50.  Accordingly, the Court holds that in the present case there has been a violation of Article 13 of the Convention in that the applicant had no domestic remedy whereby he could enforce her right to a “hearing within a reasonable time” as guaranteed by Article 6 § 1 of the Convention.


51.  Article 41 of the Convention provides:

“If the Court finds that there has been a violation of the Convention or the Protocols thereto, and if the internal law of the High Contracting Party concerned allows only partial reparation to be made, the Court shall, if necessary, afford just satisfaction to the injured party.”

A.  Damage

52.  The applicant claimed 10,000 US dollars (USD) in respect of non-pecuniary damage.

53.  The Government submitted that her claim was exorbitant.

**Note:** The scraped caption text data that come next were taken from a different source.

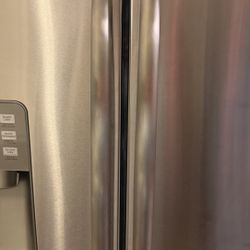 GE Stainless Steel Refrigerator 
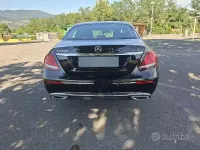 Usata Mercedes E220 194 CV (142 kW) 2019 Nero Berlina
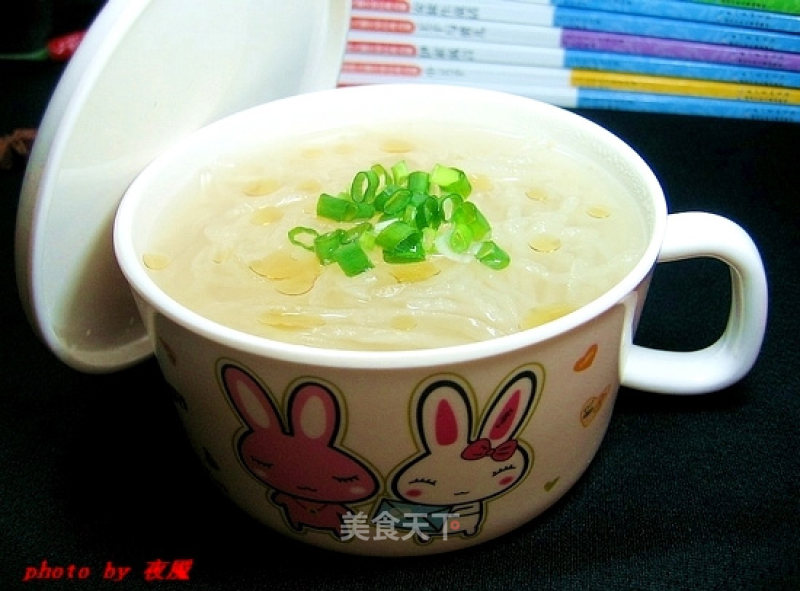 White Radish Vermicelli Soup recipe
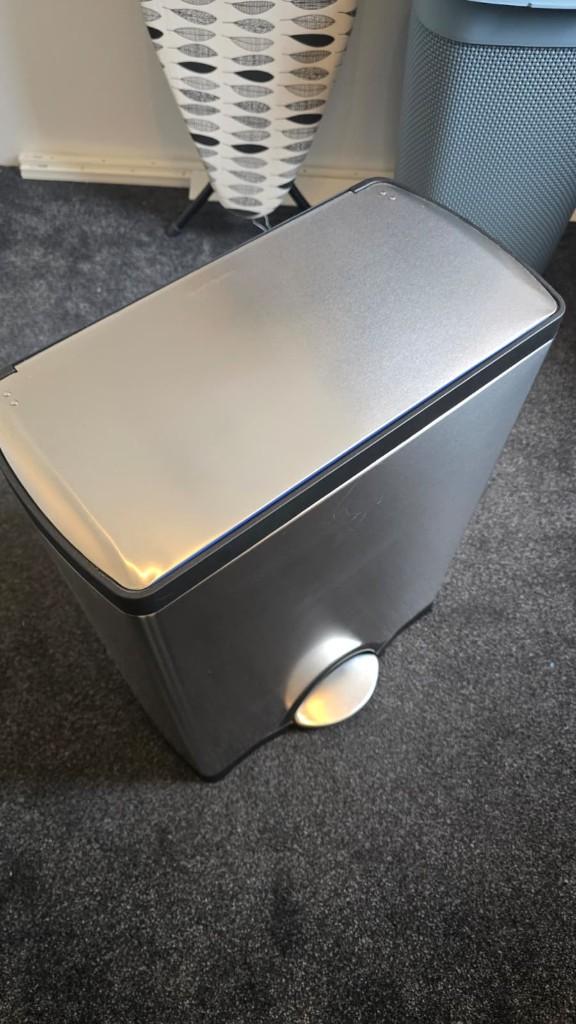 Simplehuman pedaalemmer geborsteld RVS, Ophalen, Gebruikt, Met pedaal, 50 tot 75 cm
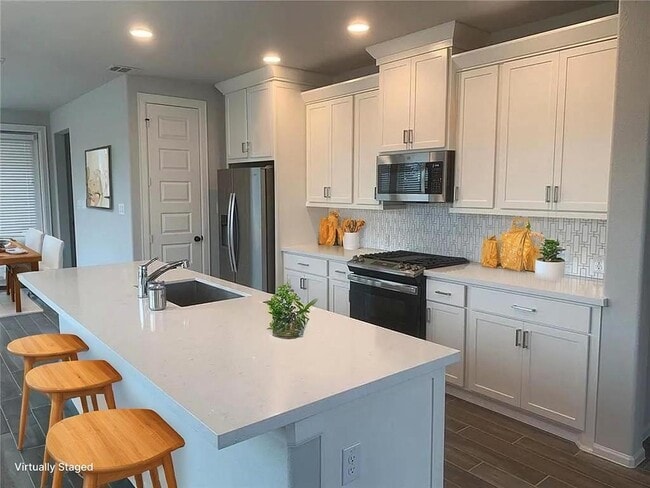 Building Photo - 936 Azul Lagoon Dr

54.  The Court is of the view that the applicant suffered damage of non-pecuniary nature such as distress and frustration resulting from the protracted length of the proceedings. Accordingly, it awards the applicant EUR 5,000 in respect of non-pecuniary damage.

B.  Default interest

55.  The Court considers it appropriate that the default interest should be based on the marginal lending rate of the European Central Bank, to which should be added three percentage points.


1.  Declares the application admissible;

2.  Holds that there has been a violation of Article 6 § 1 of the Convention;

3.  Holds that there has been a violation of Article 13 of the Convention;

4.  Holds

(a)  that the respondent State is to pay the applicant, within three months from the date on which the judgment becomes final according to Article 44 § 2 of the Convention, EUR 5,000 (five thousand euros) in respect of non-pecuniary damage, to be converted into Polish zlotys at the rate applicable at the settlement; plus any tax that may be chargeable;

(b)  that from the expiry of the above-mentioned three months until settlement simple interest shall be payable on the above amount at a rate equal to the marginal lending rate of the European Central Bank during the default period plus three percentage points;

5.  Dismisses the remainder of the applicant’s claim for just satisfaction.

Done in English, and notified in writing on 14 October 2003, pursuant to Rule 77 §§ 2 and 3 of the Rules of Court.